[Data excerpts]
____________

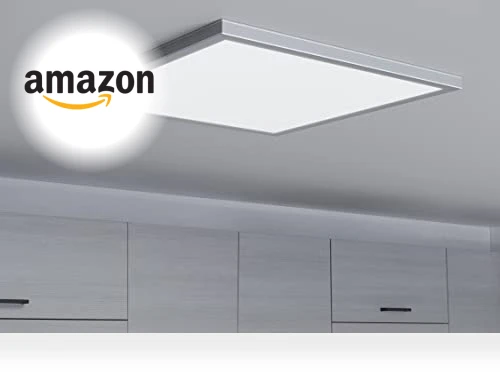 Smart Direct Wire LED Flat Panel Ceiling Light Fixture — Overhead Lighting, Good Earth Lighting
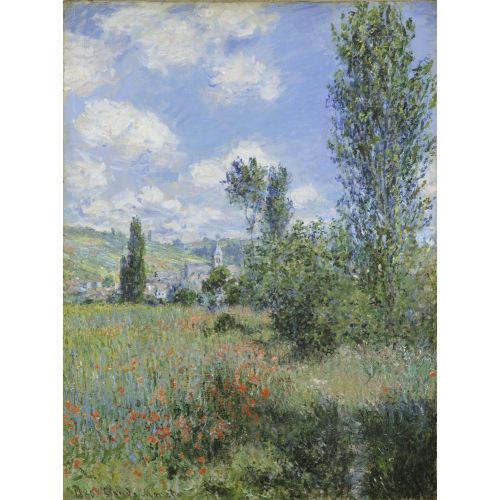 Claude Monet, View Of Vetheuil 2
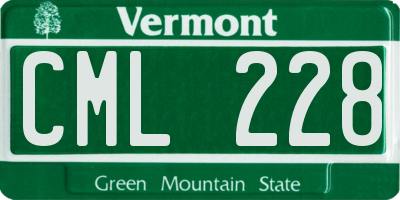 VT license plate CML228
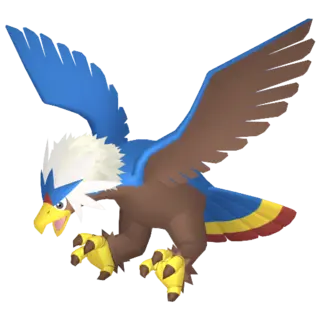 Braviary shiny front-facing sprite from Pokémon Shield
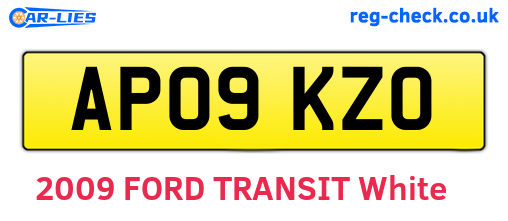 AP09KZO are the vehicle registration plates.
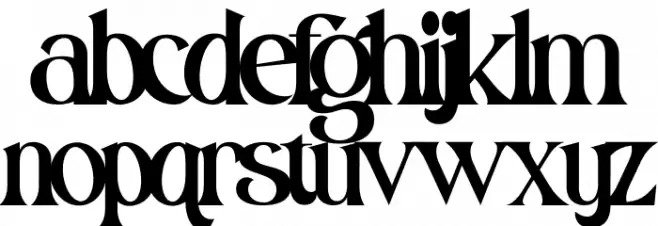 White Space personal use Font Litere mici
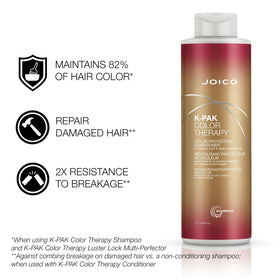 Duo Joico K-pak Color Therapy en usage dans une salle de bain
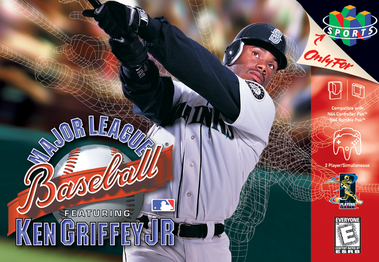 Pochette Major League Baseball featuring Ken Griffey Jr. version Nintendo 64
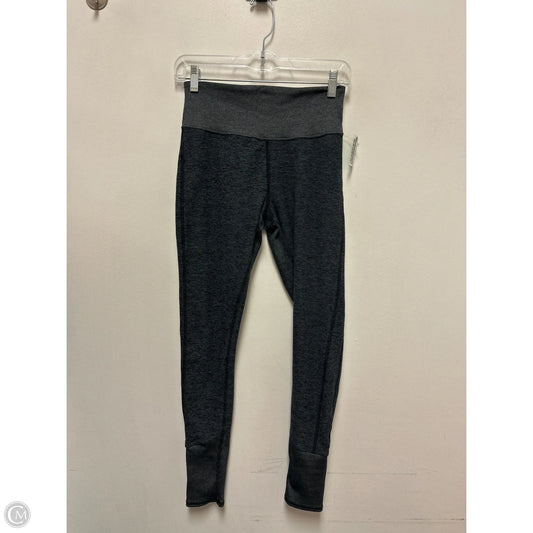 Athletic Leggings By Alo In Grey, Size: M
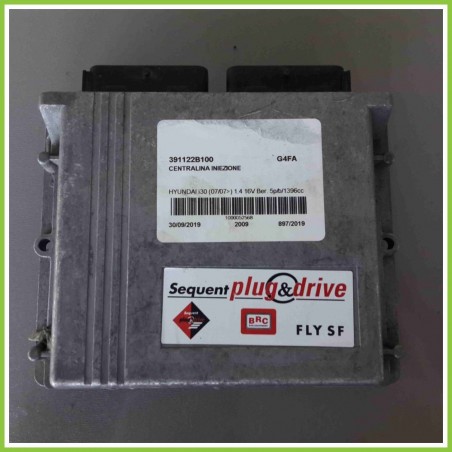 Centralina Motore Iniezione ECU BRC 31001 HYUNDAI i30 1.4 16V 67R011002 Benzina 2007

____________

Exercise details:
To complete this exercise, transcribe exactly the lines above from the one that holds "Claude Monet, View Of Vetheuil 2" through the one that holds "Athletic Leggings By Alo In Grey, Size: M". Pictures stay out.

Answer section:
 Claude Monet, View Of Vetheuil 2
 VT license plate CML228
 Braviary shiny front-facing sprite from Pokémon Shield
 AP09KZO are the vehicle registration plates.
 White Space personal use Font Litere mici
 Duo Joico K-pak Color Therapy en usage dans une salle de bain
 Pochette Major League Baseball featuring Ken Griffey Jr. version Nintendo 64
 Athletic Leggings By Alo In Grey, Size: M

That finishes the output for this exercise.